Thread debugging should be easy; there’s advanced tools like helgrind and chess, so it’s a solved problem, right?
Once upon a time, FFmpeg merged the mt-branch, which allowed frame-level multi-threading. While one CPU core decodes frame 1, the next CPU core will decode frame 2 in parallel (and so on for any other CPU cores you have). This might sound somewhat odd, because don’t most video codecs use motion vectors to access data in previously coded reference frames? Yes, they do, but we can simply add a condition variable so that thread 2 waits for the relevant data in the reference frame (concurrently decoded by thread 1) to have finished reconstructing that data, and all works fine. Although this might seem to destroy the whole point of concurrency, it works well in practice (because motion vectors tend to not cross a whole frame).
Heisenbugs and their tools
Like any other software feature, this feature contained bugs. Threading bugs have the funny name “heisenbugs”: by virtue of the scheduling of instructions on your 2 CPU cores not being identical between different runs, the interaction between 2 threads will not be identical between 2 runs of exact the same commandline. In FFmpeg, we use an elaborate framework knows as FATE to test for video decoder regressions, and we set up some stations to specifically test various multithreading configurations. As you’d expect with heisenbugs, some of these would occasionally fail a test, but otherwise run OK. So how do you debug this?
Let me start with chess. Chess is actually an extension to MSVC, so I actually first had to port FFmpeg to MSVC (which was also useful for Chrome). With that problem out of the way, this should be easy right? Last release 5 years ago, forum dead as of 2011, right… Anyway, what chess attempts to do, is to settle a fixed scheduling path between your different threads, such that they will interact in the same way between multiple runs, thus allowing you to consistently reproduce the same bug for debugging purposes. That’s incredibly helpful, but I never tried it out at the end. I’m looking forward to this appearing in some next version of MSVC.

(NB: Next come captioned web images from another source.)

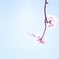 おはな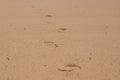 Two well-shaped human footprints in the sand Royalty Free Stock Photo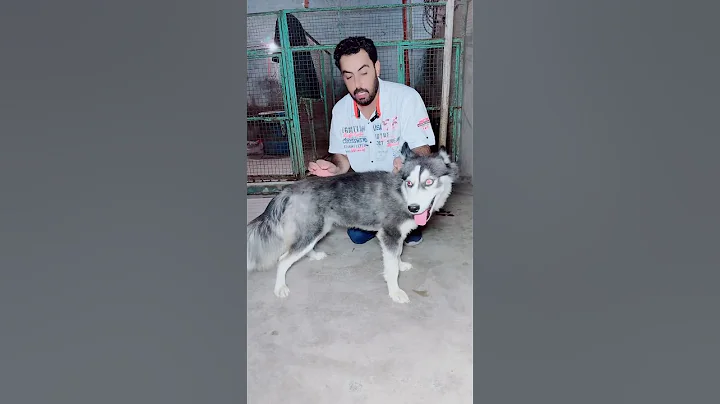 Watch the video about Beautiful woolly coat Siberian husky female.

So, helgrind. FATE actually has a helgrind station, and it sucks, reporting 1000s of potential races for files that have never failed decoding (that is, they are pixel-perfect every single time). Is there a race? Who knows, maybe. But I’m not interested in debugging theoretical races, I want a tool that helps me debug stuff that is happening. Imagine how infuriating asan, valgrind or gdb would be if they told us about stuff that might crash instead of the crash we’re investigating. (Now, post-hoc, it turns out that helgrind did indeed identify one of the bugs causing the heisenbugs in ffmpeg-mt, but it was lost in the noise.)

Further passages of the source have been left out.